At the kollel, most of the students are non-Orthodox. Some of the men in Kraemer’s class wear kipas, others don’t. “Some are from committed Reform backgrounds,” the veteran instructor says of the men and women in his course. “Some have typical Conservative backgrounds. Some have very little experience” in advanced Jewish learning.

For all, his course opens up, literally and figuratively, new pages in the High Holy Days liturgy.

Dressed in an open-necked plaid shirt, reading from a machzor earmarked with little paper notes, Kraemer discusses the structure and historical development of the yom tov services, throwing personal stories into remarks about malchiut, zichronut and shofrut (the major themes of Rosh HaShanah); Satan (the Accuser on the Day of Judgment); kaddish (the Aramaic prayer serves as a divider between major parts of the service); and piyutim (the liturgical poems that characterize the High Holy Days davening).

The Talmud, Kraemer says, mentions parts of the shofar service where one sits and where one stands.
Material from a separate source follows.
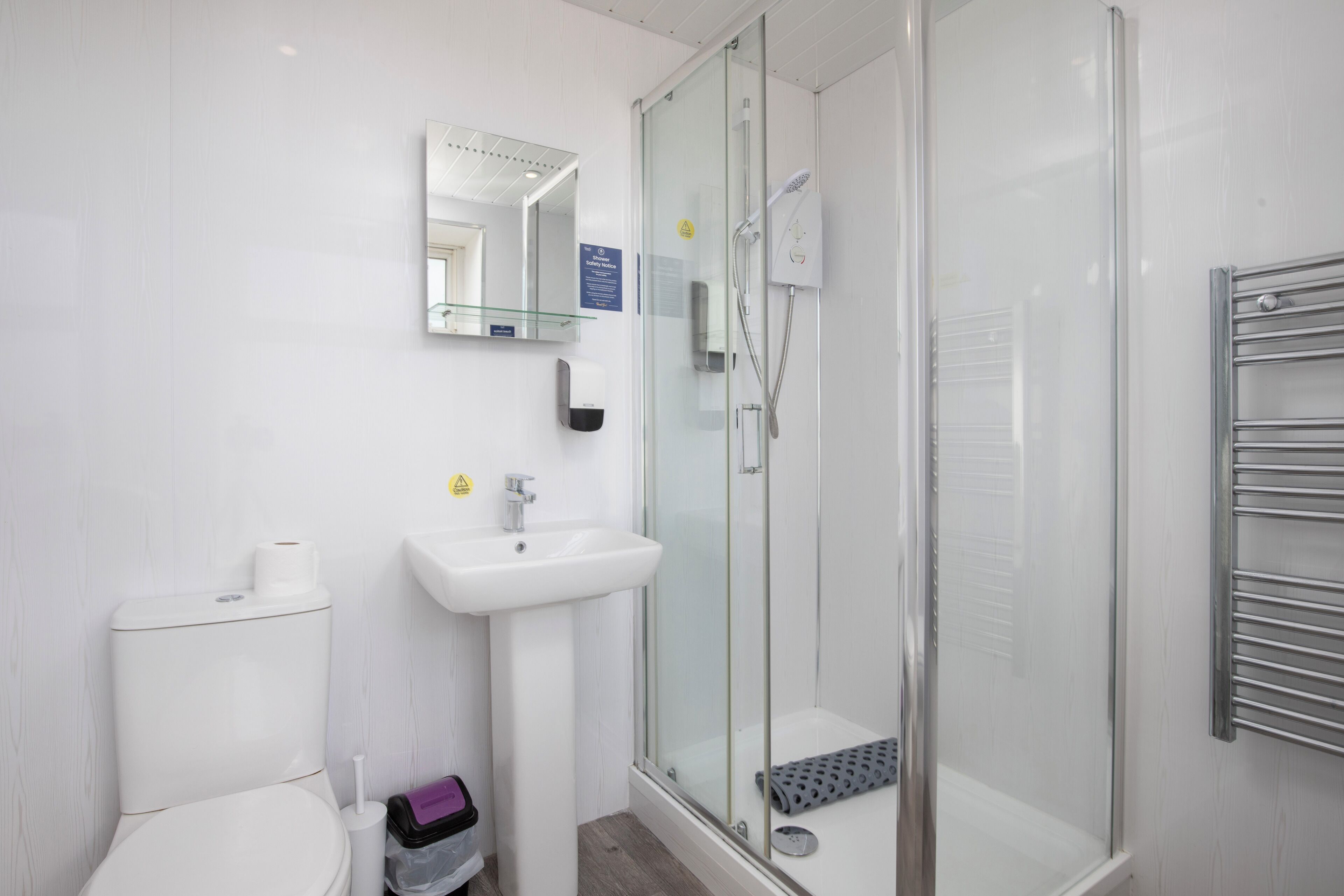 A bathroom with a toilet, sink, and glass-enclosed shower.
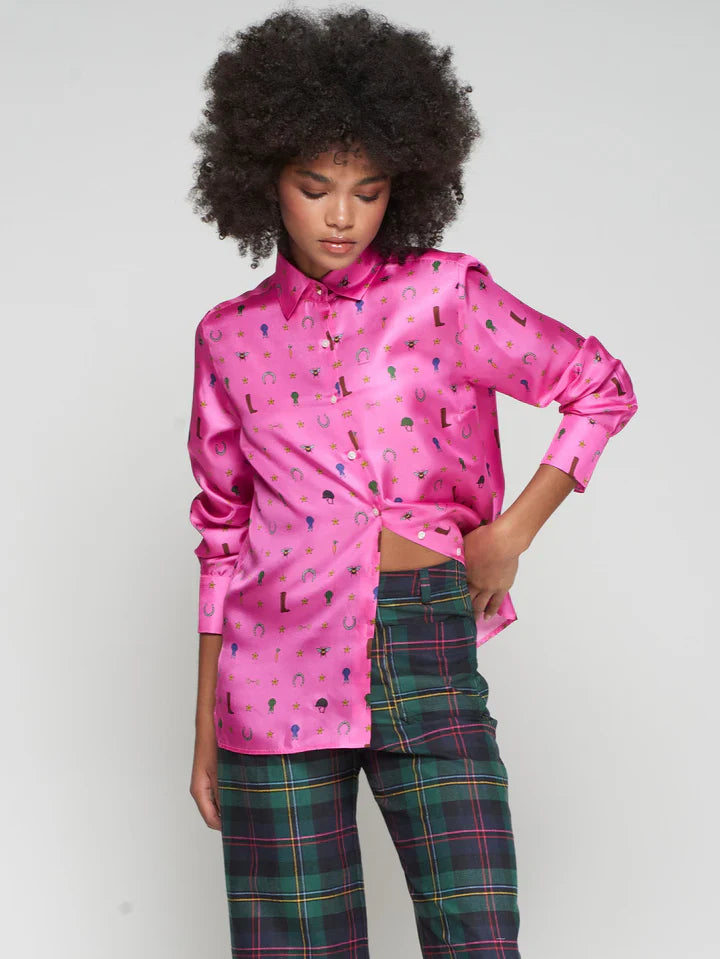 Person wearing a bright pink shirt with a equestrian pattern and plaid pants on a plain background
Today we all stand. “What is this ‘sitting,’ what is this ‘standing’ business?” he asks. The rabbis, he answers, had Jews sit during shofar blowing to “confuse” Satan.

This kabbalistic explanation leads into more practical approaches to understanding the often-arcane holiday rituals.“

The point of this is to take very mundane activities” — when you stand, when you bow, when you utter words written thousands of years ago — “and make them not quite so mundane,” Kraemer says. “It’s meant to give you a different set of eyes.”

He holds up his machzor. “This is a really fat book, with a lot of words,” he says.

Who understands all the words, and the concepts behind them?

“In my past I remember the feeling of being lost and overwhelmed,” he says. Kramer designed his course with a nondenominational slant. “It would help anyone, wherever they daven,” he says.

Wohl, who calls herself “a practicing Reform Jew,” has taken several kollel courses. Her interest in her religion was kindled when she and her husband began having children and when one turned Orthodox.

“I felt a hole in my life. I felt something was missing,” she says.

Wohl enrolled in Kramer’s class “because I thought it would help me go through the prayerbook.” She’ll go to Rosh HaShanah services this weekend, as usual, at her Forest Hills congregation. “I definitely feel more prepared,” she says.

Kraemer’s discussions about the Jewish view of death and the afterlife “absolutely changed my conception” and will aid her praying this month, she says. “It will be deeper … a little more intense.”

“When I’m in services,” Wohl says, “little lights will go on” in her head as she reads words whose meaning she finally understands.

And Bernhardt will spend Rosh HaShanah at home. He usually works on that day and takes off on Yom Kippur, but the Jewish New Year falls on a weekend this year.

“I don’t consider myself secular. I consider myself in the liberal wing of Judaism,” he says.

On Rosh HaShanah he will read the day’s Torah portion and “review” the liturgy in his own machzor. “Not actually praying, but thinking about the structure. Thinking about the holiday. Paying attention to the themes … as a meditative device. I concentrate on my relationships with other people.”

After a month’s study, Bernhardt says, “I’ve learned to look at the prayers as a whole rather than get bogged down in the internal structure of any individual prayer.

“It’s going to help me examine my relationship with God,” he says.

“I don’t blow off the holidays at all. I just don’t go to synagogue,” Bernhardt says. The machzor will be familiar territory. “I’m going to understand it a lot better than a lot of people who are in shul.”